High CPU usage of tracker-miner-fs (3.0) in `notify_roots_finished()`
Recently I tried configuring my external HD for indexing, and to my surprise this already works.
After unplugging and replugging the HD I spotted tracker-miner-fs-3
burning a lot of CPU, so decided to investigate.

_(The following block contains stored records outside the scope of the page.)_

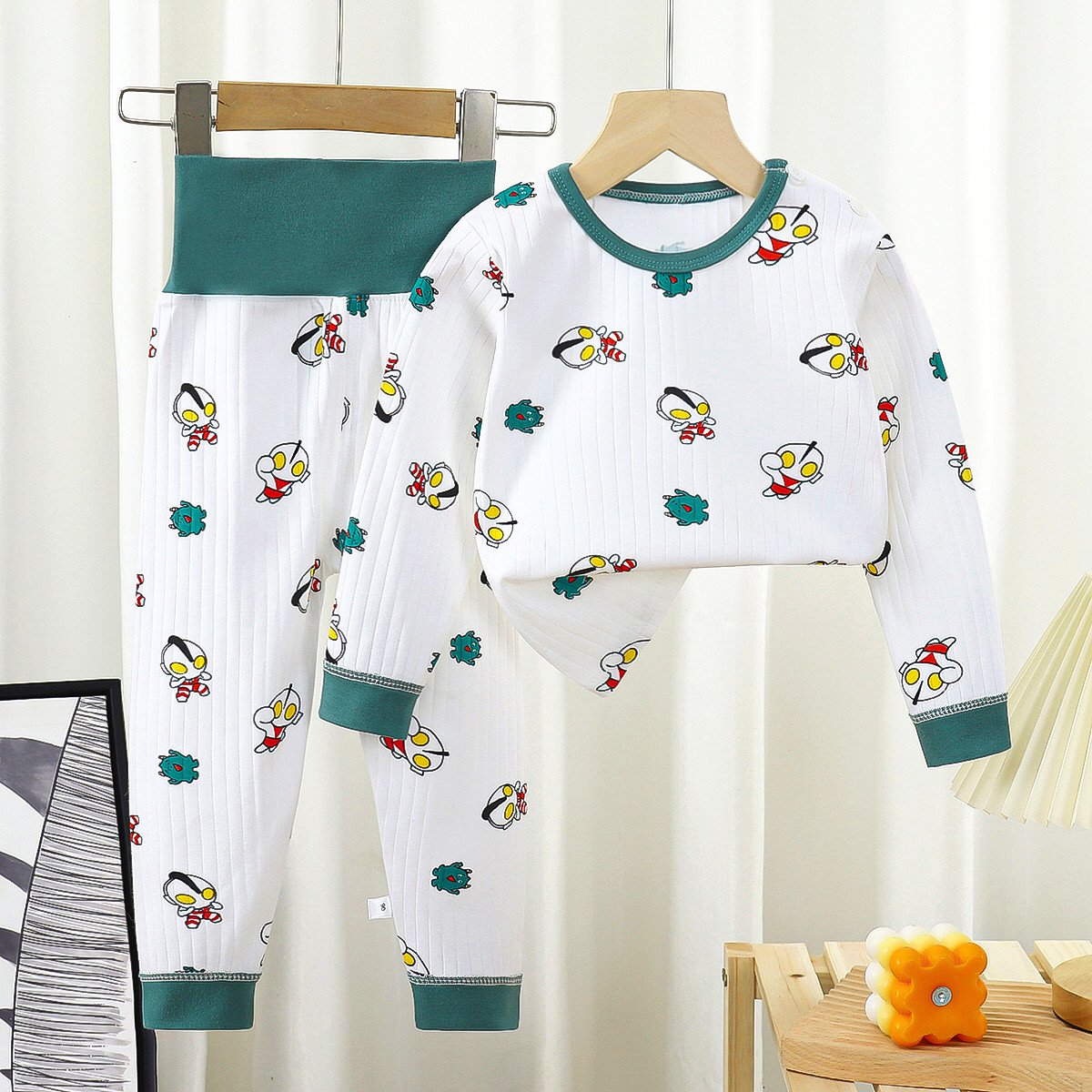 宝宝秋衣秋裤套装纯棉婴儿内衣高腰护肚宝宝睡衣儿童长袖打底衣服,童装/婴儿装/亲子装,家居服套装,淘宝优惠券,粉丝福利购,淘宝优惠卷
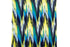 Yellow Blue and Black Abstract Print Knit Jersey Fabric by the yard PDK00505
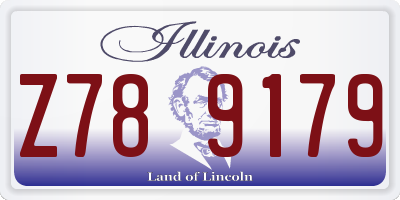 IL license plate Z789179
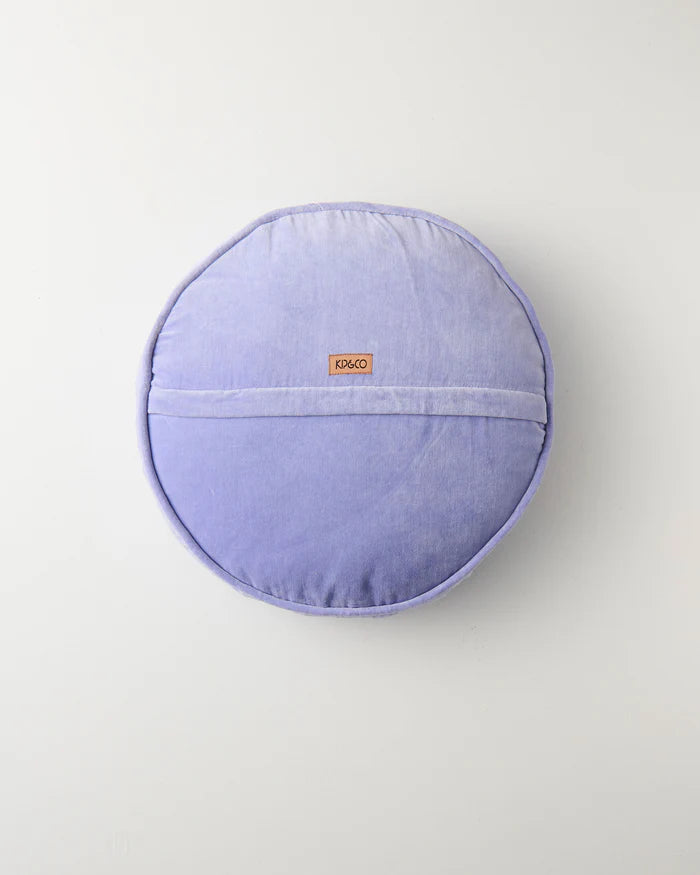 Kip & Co Jacaranda Velvet Pea Cushion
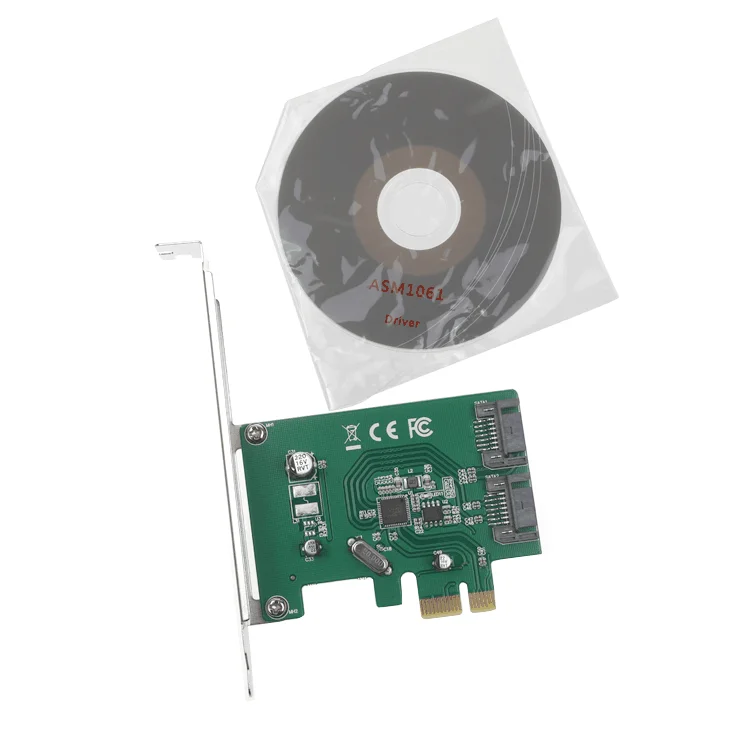 2 Port SATA3.0 6 Gbps PCI Express Controller Card Dual Port PCIe SATA III Card Adapter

The folder enqueued for indexing has 3298 subfolders. t-m-fs seems to be doing this:
- miner_handle_next_item()
- -> item_queue_get_next_file()
- -> -> tracker_file_notifier_is_active() -> returns TRUE (there are ~60 dirs in
priv->pending_index_roots
) - -> item_queue_get_next_file() returns FALSE
- -> -> tracker_sparql_buffer_flush() -> priv->tasks is empty
- -> -> notify_roots_finished()
The CPU bottleneck appears to be in notify_roots_finished()
.
(gdb) call g_hash_table_size(fs->priv->roots_to_notify)
$23 = 2245
We iterate through all 2245 items in the hash table, and since check_queues
is TRUE we call tracker_priority_queue_find()
for each one.
(gdb) p (fs->priv->items)->queue->length
$27 = 30134
...so the tracker_priority_queue_find()
call there is likely what's triggering the high CPU usage, iterating a 30k item linked list 2245 times.
The crawl is ongoing, and each call to file_notifier_directory_finished()
grows the roots_to_notify
hash table, so this is a rather pathological case.
This is happening with 3.0.1, I will re-test with master.